Elle en a rendu compte à la Cour dans son délibéré et l’arrêt a été rendu ce jour.
RAPPEL DES FAITS ET DE LA PROCÉDURE
Par ordonnance sur requête du 22 juillet 2020, le juge de l’exécution du tribunal judiciaire de Valence a autorisé Mme X à faire procéder à une saisie conservatoire sur le compte bancaire de la SAS Société Travaux Bâtiments – STB – exploitant à l’enseigne « Top Réalisation » détenu auprès de la Banque Populaire Auvergne Rhône-Alpes pour garantir le paiement de la somme de 150'000 €.
La saisie a été pratiquée et dénoncée au débiteur saisi le 24 juillet 2020. Elle s’est révélée fructueuse à hauteur de 94 901,42 €.
Par acte du 18 août 2020, la société STB a fait assigner Mme X devant le juge de l’exécution pour voir ordonner la mainlevée de la saisie, et se voir allouer des dommages-intérêts et une indemnité de procédure.

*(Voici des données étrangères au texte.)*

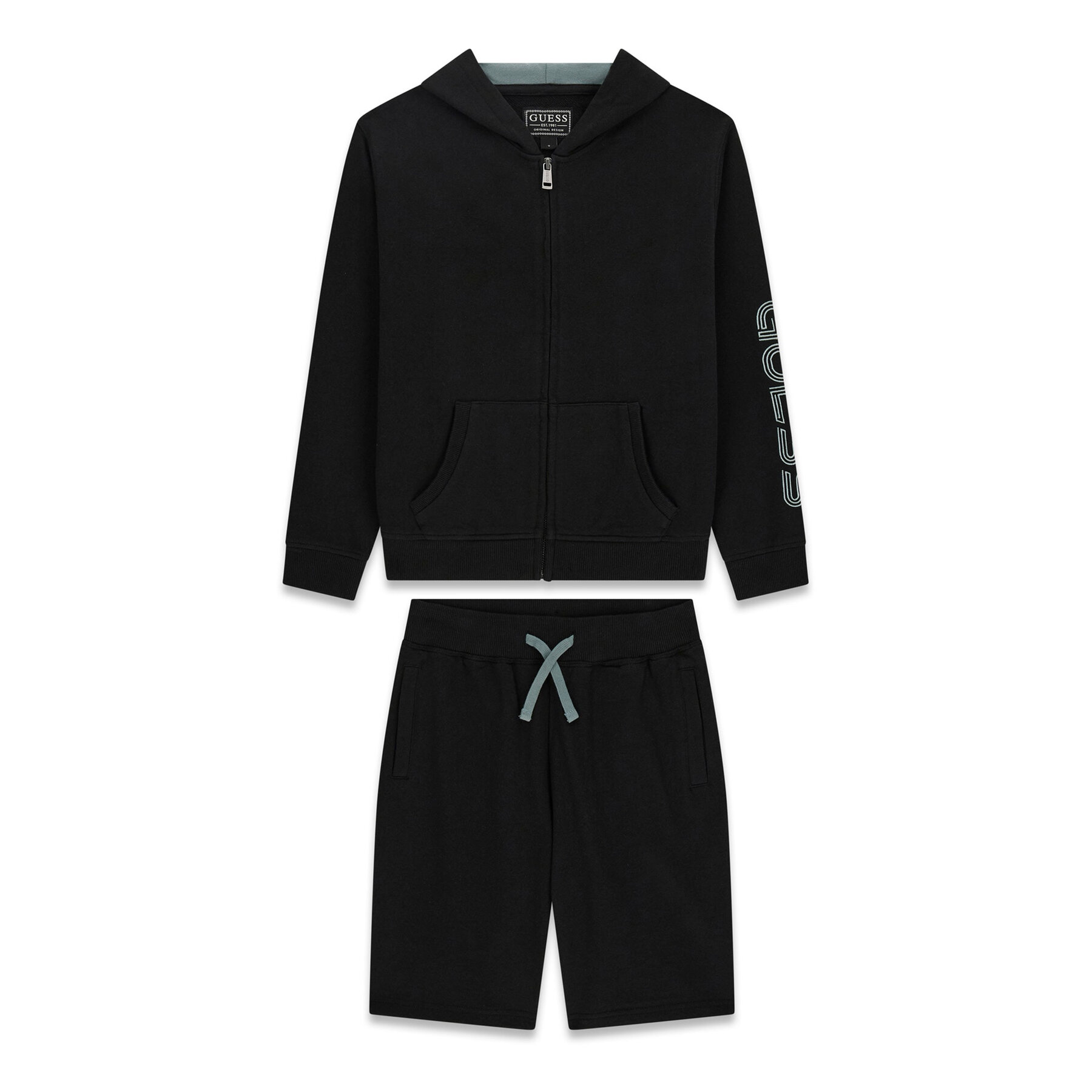 Guess Komplet bluza i szorty sportowe L6GG00 KA6R4 Czarny Regular Fit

Elle exposait qu’elle avait été sollicitée par M. B C, entreprise générale de bâtiment, pour effectuer trois lots dans un chantier de rénovation d’une bâtisse à Savasse (26) appartenant à Mme X, et que suite à des plaintes de cette dernière en malfaçons, elle avait repris les travaux ressortant à ses lots. Elle invoquait l’absence de lien contractuel avec Mme X, et l’absence de risque de non recouvrement.
Par jugement contradictoire du 22 octobre 2020, le juge de l’exécution a :
• rejeté la demande d’autorisation de produire une note en délibéré,
• débouté la société STB de ses demandes en rétractation de l’ordonnance du 2 juillet 2020 et en mainlevée de la saisie conservatoire,
• dit n’y avoir lieu à application de l’article 700 du code de procédure civile,
• rejeté toutes demandes plus amples ou contraires,
• condamné la société STB aux dépens.
Par déclaration au Greffe en date du 30 octobre 2020, la société STB a interjeté appel de ce jugement.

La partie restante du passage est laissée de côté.